The GDPR is a very complex piece of legislation which regulates a few important principles. And the considerations do not make it any better. One example of a very knotty consideration is recital 36, which gives some ideas who the competent lead supervisor authority is in a given case.
It uses 339 words to tell you this:
– In principle the CLSA is the supervisor of the EU member state in which your (the controller’s) main establishment is. This ‘should be’ the place of its central administration in the Union.
– if the decisions on the purposes and the means of the processing of another country are taken in another establishment of the controller (you, your company) then that other establishment is to be considered the main establishment and the CLSA is the CLSA of the country of that establishment.

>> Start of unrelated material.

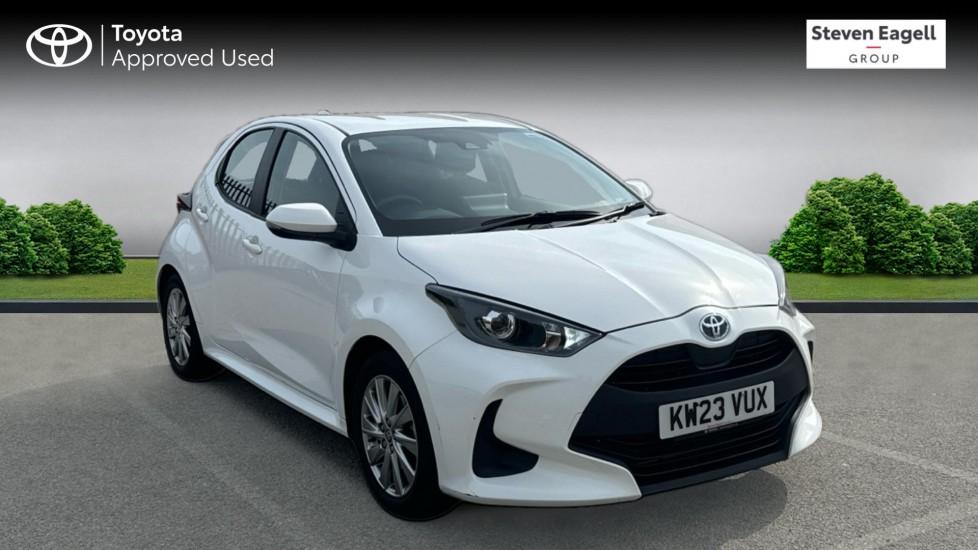 Main listing image - Toyota Yaris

The main establishment of the processor (not the controller, mind) is also the place of its central adminstration in the union. And, if it doesn’t have that, the establishment where the main processing activities take place in the Union. If both the controller and the processor are involved, the CLSA remains the supervisor authority where the controller has its main establishment.
The supervisor authority of the processor is the supervisor authority concerned (which has another role than the CLSA) that should participate in the cooperation procedure that the GDPR provides for.
The rules of the one-stop-shop-principle are so complicated that it takes a 12 page document to explain it all. It makes for a better read than article 36 though and it gives some nice expamples to give you some insight. I would really recommend it.